À cet effet, Moïse Katumbi présente un avantage comparatif du fait qu’il dispose des moyens matériels et financiers nécessaires pour mener une campagne électorale sur l’ensemble du territoire congolais, grand comme un continent, sans infrastructures de transport. À titre d’exemple malheureux, aux élections de 2006 et 2011, la plupart des candidats ont fait campagne seulement à Kinshasa et dans leurs provinces respectives, faute de moyen de transport pour couvrir l’ensemble du territoire national.
Un autre fait est la popularité de M. Katumbi qui faisait certainement peur à Joseph Kabila même pendant qu’il était gouverneur de la province du Katanga.
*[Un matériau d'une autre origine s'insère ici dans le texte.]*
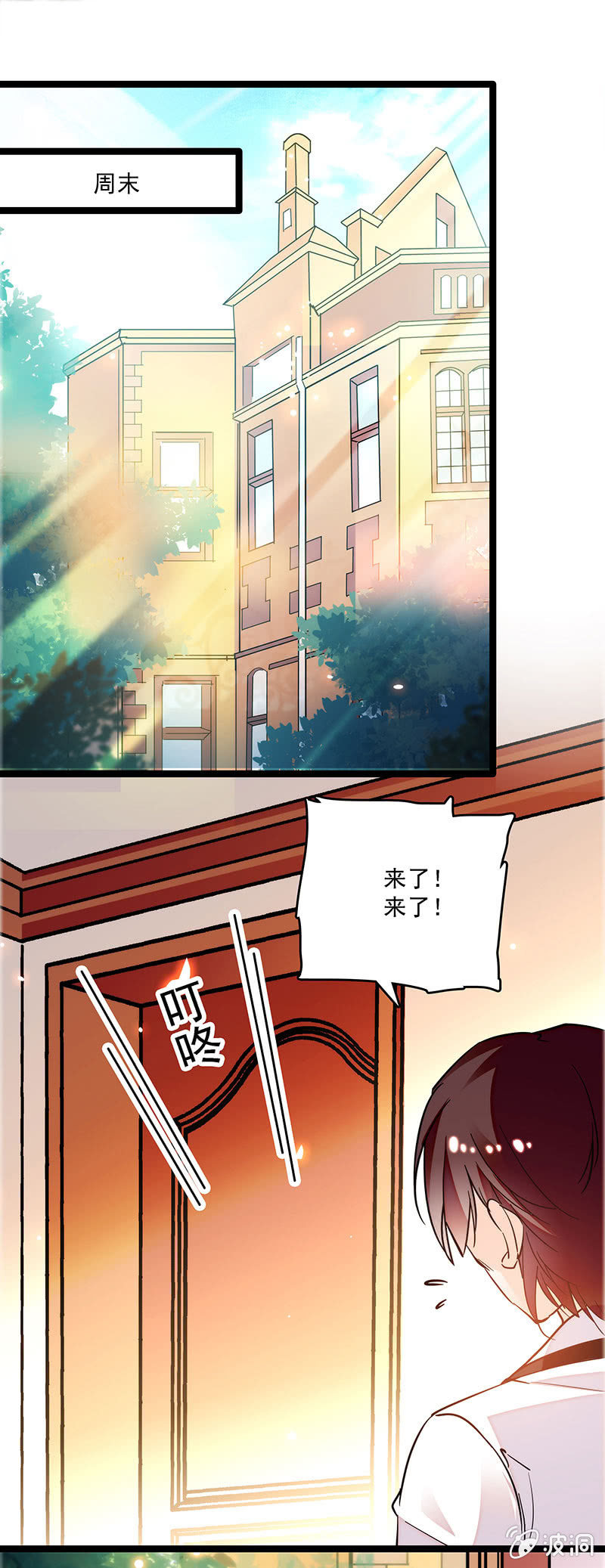 第十二话 不欢而散0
Le capital de sympathie dont jouit Moïse Katumbi auprès de la population congolaise et particulièrement de la jeunesse congolaise n’est pas dû à sa fortune, mais bien à son engagement sportif. En effet, on a beau dire que le sport n’a rien à voir avec la politique, il reste que le sport n’est pas qu’un jeu, c’est un enjeu. Patron d’un grand club de football africain qui fait la fierté du Congo, Moïse Katumbi peut bien se servir encore des exploits sportifs de son équipe de football comme étalon de success-story pour courtiser l’électorat jeune, un groupe d’électeurs le plus nombreux en RDC. Ceux qui pensent que sport et politique ne se mélangent pas font de l’aveuglement volontaire.
Enfin, la RDC n’étant pas n’importe quel pays d’Afrique, plusieurs groupes d’intérêts financiers ont un regard intéressé sur ce qui se passe dans ce pays. Ces groupes d’intérêts ont des relais dans les arcanes du pouvoir politique de leurs pays. Ceci dit, il est toujours nécessaire de savoir lire et comprendre tous les faits et gestes des partenaires internationaux et des puissants de ce monde en ce qui concerne les enjeux électoraux en RDC. Moïse Katumbi réussit bien au niveau intérieur à rassembler autour de lui plusieurs partis et regroupements politiques qui soutiennent sa candidature et constituent une force politique dans l’éventualité d’une candidature de Joseph Kabila. Sur le plan extérieur également, en lisant les médias internationaux qui sont souvent les portes voix de leur gouvernement, c’est une candidature qui attire l’attention. Mais M. Katumbi devrait approcher également des gens comme Noel Tshiani Muadiamvita et Freddy Matungulu qui connaissent bien les arcanes des institutions de Bretton Woods, pour l’aider à fignoler son programme économique afin de sortir ce pays, doté d’immenses richesses, de la pauvreté.